**What the task requires**
Look in the listing below for the line that has "IMMAX LED stolní", then return it and each following line up to and including the one with "Slant-Stacking Adjustable Folding", exactly and without pictures.

**Data shown**
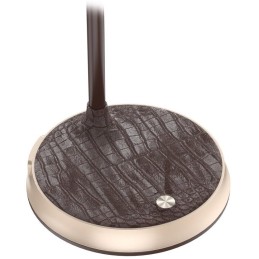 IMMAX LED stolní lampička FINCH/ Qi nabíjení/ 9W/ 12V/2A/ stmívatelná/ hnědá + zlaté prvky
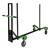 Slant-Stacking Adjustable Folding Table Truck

* * *

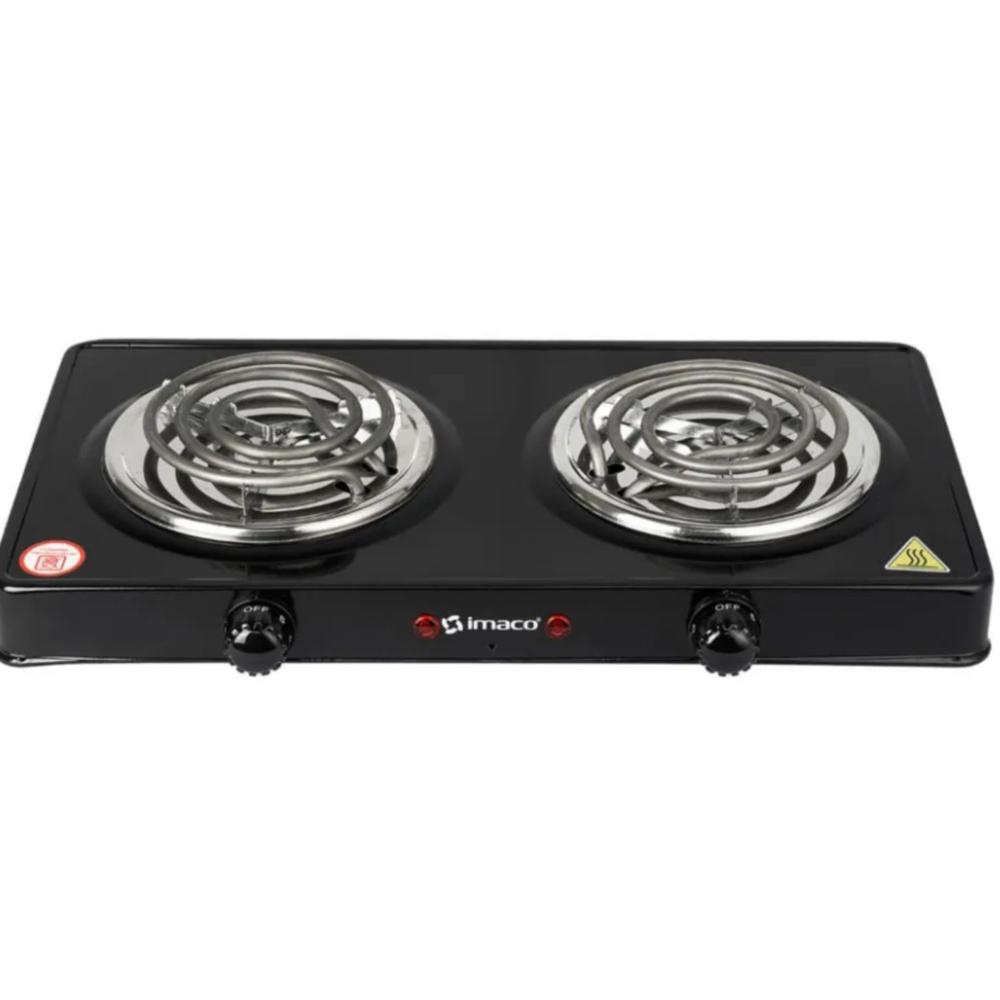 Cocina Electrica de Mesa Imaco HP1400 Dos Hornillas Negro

**Answer to this exercise**
 IMMAX LED stolní lampička FINCH/ Qi nabíjení/ 9W/ 12V/2A/ stmívatelná/ hnědá + zlaté prvky
 Slant-Stacking Adjustable Folding Table Truck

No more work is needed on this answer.